Nun bin ich schon seit drei Wochen zurück in der Stadt der dicken, gemütlichen Hasen und genieße es wirklich wieder hier sein. Reisen ist schön, nach Hausekommen aber auch. Also auswandern könnte ich wohl nicht, dafür ist mein Bezug zu Deutschland zu groß. Vor allem die Sprache hat mir gefehlt. Es ist so entpannend, sich endlich einmal wieder in allen Nuancen auszudrücken und nicht immer nur verzweifelt nach Worten zu ringen. Trotz aller Entspannung zieht es mich aber auch schon wieder ins Ausland. Besonders wenn ich am Abend bei ‚Aldi‘ bin und dort wieder alle um die Wette hamstern. Diese Momente habe ich nicht gerade vermisst. Die frustrierten, gesättigten Gesichter, die sich wieder aufregen, weil noch keine zweite Kasse aufgemacht wurde. Sie könnten ja zu spät vor den Fernseher kommen und einen Werbebreak bei RTL 2 verpassen. Die Leben ist schon hart. Besonders in Deutschland.
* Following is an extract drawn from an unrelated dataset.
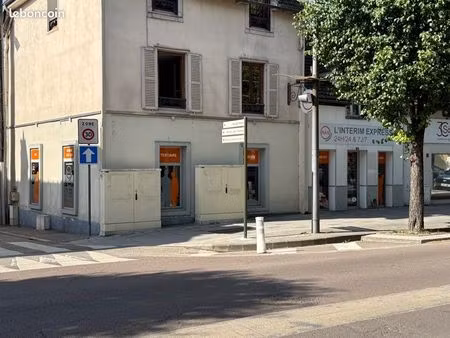 local commercial avenue gallieni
Mein Songwriting Workshop steht nun auch so mittlerweile, obwohl mir die Leute nicht gerade die Bude einrennen. Vielleicht ist die Nische doch zu speziell. Auf jeden Fall bin ich froh, endlich eine Alternative zu meinen Promotionjobs gefunden zu haben. Außerdem fasst der Workshop mein Wissen und meine Erfahrungen der letzten Jahre zusammen, in denen ich mir vieles mühsam selbst erarbeitet habe. Es ist in etwa wie eine Diplomarbeit, die den Abschluss eines langen Studiums darstellt. Mir wird inzwischen klar, dass ich mir über viele Jahre ganz schön die Tasche gelogen haben. Mit meinem gechillten Halbtagsjob im Media Markt, in dem ich durch meine Rolle des Künstlers und Studenten inmitten der ganzen hauptberuflichen Verkäufer immer unantastbar war. Von den Jahren, in denen ich fest geglaubt habe, Lottomillionär zu werden, nur weil mir ein Schweizer Medium regelmäßig meine „ganz persönlichen Glückzahlen“ zukommen ließ, einmal ganz abgesehen. Sie war von meiner Bestimmung so überzeugt, dass sie mir auch immer nur den Unkostenbeitrag von schlappen fünfzig Euro pro Brief berechnete. Später habe ich dann herausbekommen, dass die vorgedruckten Briefe von irgendwelchen Hausfrauen in Callcentern in Deutschland verteilt, verfasst und versandt wurden. Wenigstens kam ich danach ich etwas mehr auf den Boden und war davon überzeugt, nun stattdessen mit meinem Debutalbum Millionär zu werden.